L’intégration sociale des désengages de Boko Haram dans la société tchadienne est d’ailleurs intéressante en ce qu’elle démontre une vraie application de la justice restaurative, élément intrinsèque de la justice transitionnelle.


Par Melle Firdos Ahmat Yacoub, Master2, juriste
 
L’Afrique subsaharienne a subi de virulentes attaques terroristes ces dernières années. Entre, le groupe terroriste Al-Shaabab en Somalie qui sévit depuis 2006 et le groupe terroriste Boko Haram dans le Bassin du Lac Tchad depuis le début des années 2010.
 
Ces groupes terroristes ne cessent de réprimer les populations locales en ayant recours à des méthodes archaïques. C’est le cas du groupe terroriste Boko Haram, très actif après la mort de Mohamaed Yusuf en 2009. En effet, le groupe terroriste Boko Haram signifiant « Les livres sont interdits », a été créé par Mohamed Yusuf en 2002 et réclame une application stricte de la Charia tout en rejetant la modernité et la démocratie. Suite à sa mort, Boko Haram a entrepris des activités virulentes telles que l’attaque des populations spécifiques et vulnérables dans les villages : les chrétiens, les femmes et les enfants. C’est le cas de l’affaire très médiatisée des filles de Chibok. Lors d’attaques dans les villages, l’intégration au groupe est inévitable pour les jeunes enfants. Ceux-ci sont la première proie de Boko Haram et ne peuvent refuser l’intégration au groupe terroriste au risque de se faire exécuter.
En effet, le 4 avril 2014, Boko Haram a kidnappé 276 jeunes lycéennes[1] qui ont pour la plupart subies des mariages forcés avec les combattants de Boko Haram. Jusqu’à ce jour, l’ensemble des lycéennes de Chibok n’ont pas été retrouvés. Certaines ont réussi à fuir, d’autres ont connus le malheureux destin d’être prisonnières du groupe terroriste. Cet évènement est un exemple parmi tant d’autres des actes terrifiant commis et que continue à commettre Boko Haram.
 
Le déploiement du groupe terroriste ne s’est pas arrêté aux frontières du Nigéria, mais s’est déployé dans l’ensemble du Bassin du Lac Tchad. En effet, le Niger, le Tchad et le Cameroun ont également été victimes des actes meurtriers de Boko Haram. Des mécanismes de contre-attaque ont été mis en place par ces derniers États.

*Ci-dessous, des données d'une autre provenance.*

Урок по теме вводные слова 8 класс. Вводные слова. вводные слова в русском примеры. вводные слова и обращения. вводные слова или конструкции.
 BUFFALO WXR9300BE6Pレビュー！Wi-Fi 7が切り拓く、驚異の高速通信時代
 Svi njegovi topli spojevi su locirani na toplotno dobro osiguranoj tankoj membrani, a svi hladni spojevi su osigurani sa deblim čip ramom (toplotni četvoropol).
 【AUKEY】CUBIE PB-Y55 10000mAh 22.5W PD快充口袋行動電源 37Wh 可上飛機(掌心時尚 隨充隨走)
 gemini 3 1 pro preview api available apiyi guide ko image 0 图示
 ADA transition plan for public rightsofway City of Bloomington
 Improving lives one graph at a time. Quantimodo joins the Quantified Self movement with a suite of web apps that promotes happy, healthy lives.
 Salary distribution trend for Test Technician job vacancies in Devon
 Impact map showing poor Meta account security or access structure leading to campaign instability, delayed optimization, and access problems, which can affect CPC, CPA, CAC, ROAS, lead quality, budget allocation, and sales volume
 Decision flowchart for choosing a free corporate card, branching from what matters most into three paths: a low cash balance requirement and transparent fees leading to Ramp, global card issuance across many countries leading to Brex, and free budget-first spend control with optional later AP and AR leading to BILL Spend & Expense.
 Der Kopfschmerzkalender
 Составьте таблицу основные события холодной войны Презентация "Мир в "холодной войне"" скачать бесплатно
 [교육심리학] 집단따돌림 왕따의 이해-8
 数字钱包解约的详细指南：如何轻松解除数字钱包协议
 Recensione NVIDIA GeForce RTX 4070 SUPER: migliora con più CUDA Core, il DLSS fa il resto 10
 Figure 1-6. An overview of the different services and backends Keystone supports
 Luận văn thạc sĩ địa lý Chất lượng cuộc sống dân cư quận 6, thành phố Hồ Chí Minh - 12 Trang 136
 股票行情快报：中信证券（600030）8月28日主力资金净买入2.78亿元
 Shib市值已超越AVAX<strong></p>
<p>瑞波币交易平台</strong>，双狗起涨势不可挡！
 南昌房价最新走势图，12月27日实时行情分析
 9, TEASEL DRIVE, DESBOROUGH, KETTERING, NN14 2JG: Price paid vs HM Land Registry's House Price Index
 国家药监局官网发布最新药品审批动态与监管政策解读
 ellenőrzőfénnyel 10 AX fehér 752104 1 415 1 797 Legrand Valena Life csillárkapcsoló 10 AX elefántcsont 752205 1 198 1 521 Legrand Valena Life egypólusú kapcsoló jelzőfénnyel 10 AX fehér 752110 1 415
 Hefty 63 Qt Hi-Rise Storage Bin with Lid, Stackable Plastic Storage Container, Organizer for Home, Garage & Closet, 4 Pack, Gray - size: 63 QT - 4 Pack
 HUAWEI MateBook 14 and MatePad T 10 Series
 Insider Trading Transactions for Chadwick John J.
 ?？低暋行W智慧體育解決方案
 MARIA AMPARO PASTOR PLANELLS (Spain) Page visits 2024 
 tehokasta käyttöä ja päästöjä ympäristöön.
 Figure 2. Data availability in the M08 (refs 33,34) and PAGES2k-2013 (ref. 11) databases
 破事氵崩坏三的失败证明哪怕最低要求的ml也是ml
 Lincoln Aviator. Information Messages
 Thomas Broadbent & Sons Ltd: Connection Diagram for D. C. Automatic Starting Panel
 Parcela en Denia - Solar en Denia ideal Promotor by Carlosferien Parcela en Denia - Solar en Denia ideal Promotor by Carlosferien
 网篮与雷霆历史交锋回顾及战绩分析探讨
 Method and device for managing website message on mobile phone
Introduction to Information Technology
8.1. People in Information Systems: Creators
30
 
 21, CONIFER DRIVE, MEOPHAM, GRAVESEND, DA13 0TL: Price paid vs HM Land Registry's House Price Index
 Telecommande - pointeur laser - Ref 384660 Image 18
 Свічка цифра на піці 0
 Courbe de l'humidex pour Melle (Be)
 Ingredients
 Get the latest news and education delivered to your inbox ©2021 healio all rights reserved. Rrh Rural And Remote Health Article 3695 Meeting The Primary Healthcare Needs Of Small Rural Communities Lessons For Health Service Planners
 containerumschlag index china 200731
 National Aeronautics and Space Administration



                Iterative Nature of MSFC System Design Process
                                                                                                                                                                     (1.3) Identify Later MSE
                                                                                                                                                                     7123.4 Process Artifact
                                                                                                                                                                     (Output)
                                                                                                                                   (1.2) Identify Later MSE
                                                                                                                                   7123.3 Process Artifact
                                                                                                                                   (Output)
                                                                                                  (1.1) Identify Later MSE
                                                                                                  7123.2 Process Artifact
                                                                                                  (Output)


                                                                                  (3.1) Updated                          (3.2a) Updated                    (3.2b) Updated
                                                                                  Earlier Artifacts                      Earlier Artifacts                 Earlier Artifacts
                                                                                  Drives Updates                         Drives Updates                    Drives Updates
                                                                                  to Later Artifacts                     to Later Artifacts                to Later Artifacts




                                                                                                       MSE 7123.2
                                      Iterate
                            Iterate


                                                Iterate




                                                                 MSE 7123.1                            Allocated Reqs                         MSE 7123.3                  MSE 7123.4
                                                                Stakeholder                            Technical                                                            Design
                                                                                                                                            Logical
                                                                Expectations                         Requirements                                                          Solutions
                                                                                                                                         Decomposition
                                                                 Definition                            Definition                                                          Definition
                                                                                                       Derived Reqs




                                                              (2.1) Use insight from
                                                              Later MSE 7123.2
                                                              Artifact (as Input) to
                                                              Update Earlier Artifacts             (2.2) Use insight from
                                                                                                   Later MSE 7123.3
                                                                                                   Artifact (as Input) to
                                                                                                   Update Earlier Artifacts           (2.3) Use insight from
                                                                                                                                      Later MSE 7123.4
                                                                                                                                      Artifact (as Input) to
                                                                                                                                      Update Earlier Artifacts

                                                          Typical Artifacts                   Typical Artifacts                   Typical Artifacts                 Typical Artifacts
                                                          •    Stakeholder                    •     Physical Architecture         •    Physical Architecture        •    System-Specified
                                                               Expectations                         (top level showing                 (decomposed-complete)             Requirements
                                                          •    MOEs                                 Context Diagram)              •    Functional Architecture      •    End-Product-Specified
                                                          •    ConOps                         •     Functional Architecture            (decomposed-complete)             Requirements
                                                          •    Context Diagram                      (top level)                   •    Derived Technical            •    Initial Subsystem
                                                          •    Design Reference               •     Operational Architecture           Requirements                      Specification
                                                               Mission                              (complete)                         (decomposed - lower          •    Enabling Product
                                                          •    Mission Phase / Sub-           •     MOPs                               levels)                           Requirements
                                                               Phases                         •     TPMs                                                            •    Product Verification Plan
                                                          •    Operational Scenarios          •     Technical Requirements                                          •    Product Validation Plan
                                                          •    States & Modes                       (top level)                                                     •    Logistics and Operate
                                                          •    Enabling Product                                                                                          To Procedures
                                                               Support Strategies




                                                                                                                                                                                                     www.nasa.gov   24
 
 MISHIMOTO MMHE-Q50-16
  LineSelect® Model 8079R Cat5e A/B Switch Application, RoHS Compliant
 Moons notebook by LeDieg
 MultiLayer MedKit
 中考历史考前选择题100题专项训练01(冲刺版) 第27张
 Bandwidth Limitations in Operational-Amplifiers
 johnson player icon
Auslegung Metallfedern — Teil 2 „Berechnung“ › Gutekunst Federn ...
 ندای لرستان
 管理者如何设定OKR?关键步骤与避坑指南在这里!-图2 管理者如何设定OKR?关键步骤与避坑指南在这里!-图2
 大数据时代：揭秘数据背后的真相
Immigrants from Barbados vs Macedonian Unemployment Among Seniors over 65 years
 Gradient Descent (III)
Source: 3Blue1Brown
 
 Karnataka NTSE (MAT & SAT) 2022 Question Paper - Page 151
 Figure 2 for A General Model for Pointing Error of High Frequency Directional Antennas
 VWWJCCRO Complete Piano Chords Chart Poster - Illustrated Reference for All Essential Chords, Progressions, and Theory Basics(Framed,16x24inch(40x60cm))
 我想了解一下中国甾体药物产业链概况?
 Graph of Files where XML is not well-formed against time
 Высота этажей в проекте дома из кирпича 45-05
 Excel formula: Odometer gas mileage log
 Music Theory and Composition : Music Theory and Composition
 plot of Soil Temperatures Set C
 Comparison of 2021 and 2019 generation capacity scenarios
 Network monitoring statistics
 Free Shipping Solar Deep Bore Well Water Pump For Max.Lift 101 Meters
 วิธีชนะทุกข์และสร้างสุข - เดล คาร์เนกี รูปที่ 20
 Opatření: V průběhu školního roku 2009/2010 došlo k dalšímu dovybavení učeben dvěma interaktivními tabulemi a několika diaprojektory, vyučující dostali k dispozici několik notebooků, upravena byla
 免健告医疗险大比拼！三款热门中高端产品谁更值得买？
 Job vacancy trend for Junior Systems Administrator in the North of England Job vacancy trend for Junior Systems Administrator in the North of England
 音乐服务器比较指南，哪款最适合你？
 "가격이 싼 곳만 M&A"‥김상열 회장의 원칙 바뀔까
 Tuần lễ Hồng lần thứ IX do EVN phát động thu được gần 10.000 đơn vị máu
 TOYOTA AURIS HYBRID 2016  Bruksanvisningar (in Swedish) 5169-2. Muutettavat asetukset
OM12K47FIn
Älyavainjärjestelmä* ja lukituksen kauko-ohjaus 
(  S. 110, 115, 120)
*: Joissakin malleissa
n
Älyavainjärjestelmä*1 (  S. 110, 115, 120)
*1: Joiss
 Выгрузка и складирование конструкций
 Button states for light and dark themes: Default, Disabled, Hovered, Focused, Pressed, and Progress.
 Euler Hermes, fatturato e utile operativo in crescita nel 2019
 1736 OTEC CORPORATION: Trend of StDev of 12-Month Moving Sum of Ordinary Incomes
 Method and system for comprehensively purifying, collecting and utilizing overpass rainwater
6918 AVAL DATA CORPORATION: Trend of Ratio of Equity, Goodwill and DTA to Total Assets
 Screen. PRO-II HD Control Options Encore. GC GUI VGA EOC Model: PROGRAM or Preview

En revanche, au-delà du combat commis par les gouvernements respectifs afin de mettre fin à ce mouvement terroriste, une autre question est apparue ces dernières années. Qu’en est-il des désengagés, ou encore des « defectors »[2] dans ces sociétés respectives ? Cette question reste encore sensible puisque cela signifierait de faire vivre les victimes et les bourreaux au sein d’un même espace géographique, dans la même société, et le côtoiement quotidien indésiré pour les victimes.  C’est le dilemme que tente de concilier la justice transitionnelle, faut-il intégrer les meurtriers qui ont commis de grands crimes et violations de droit de l’homme ? Faut-il appliquer la justice punitive et les marginaliser de la société ?
 
Le choix entre la justice punitive et la justice restaurative est important car les deux n’ont pas le même objectif. En effet, la justice punitive a pour objectif de combattre l’impunité et de mettre fin aux conflits armés[3] alors que la justice restaurative a pour objectif de mettre en œuvre des solutions politiques qui apparaissent être le seul moyen d’atteindre la paix et de mettre fin aux grands crimes[4]. Cela a été le cas en Afrique du Sud ou au Rwanda avec la mise en place de Commission, Vérité et Réconciliation (CVR) qui ont permis de confronter la victime au bourreau et ainsi pour les victimes d’obtenir des réponses. Il est important de souligner que la question généralement posée par les victimes est « pourquoi ? », celles-ci essayent de faire leur deuil en mettant une justification à de graves crimes.
 
Au Cameroun, la tendance à réintégrer les désengagés est plutôt faible, en effet les combattants rendant leurs armes et qui reviennent sur le territoire camerounais risquent d’être pour la plupart emprisonnés à vie ou encore exécutés. La perception des désengagés au Cameroun est très révélatrice et démontre une volonté de les marginaliser. Ainsi, les termes le plus souvent utilisés pour les désigner sont les « ex-combattants » ou encore les « ex-associés »[5]. En 2019, le centre d’études pour le développement et la prévention de l’extrémisme (CEDPE) a préféré le mot « désengagé » toute personne qui de façon volontaire accepte de se désengager du maquis de Boko Haram. Selon une étude effectuée par le CEDPE, il y a en 2020 plus de 4200 désengagés[6] de Boko Haram se trouvant dans la province du Lac, au Tchad. Ce terme de désengagé est devenu le plus utilisé au Tchad depuis 2020.
 
L’intégration sociale des désengages de Boko Haram dans la société tchadienne est d’ailleurs intéressante en ce qu’elle démontre une vraie application de la justice restaurative, élément intrinsèque de la justice transitionnelle. À la suite de plusieurs études menées par le Centre d’études pour le développement et la prévention de l’extrémisme, les désengagés de Boko Haram au Tchad se rendent eux-mêmes aux autorités et ne représenteraient pas un grand risque pour la société tchadienne. En effet, le retour de ces désengagés auprès du groupe terroriste est inenvisageable puisqu’ils courent le risque d’être exécutés pour haute trahison.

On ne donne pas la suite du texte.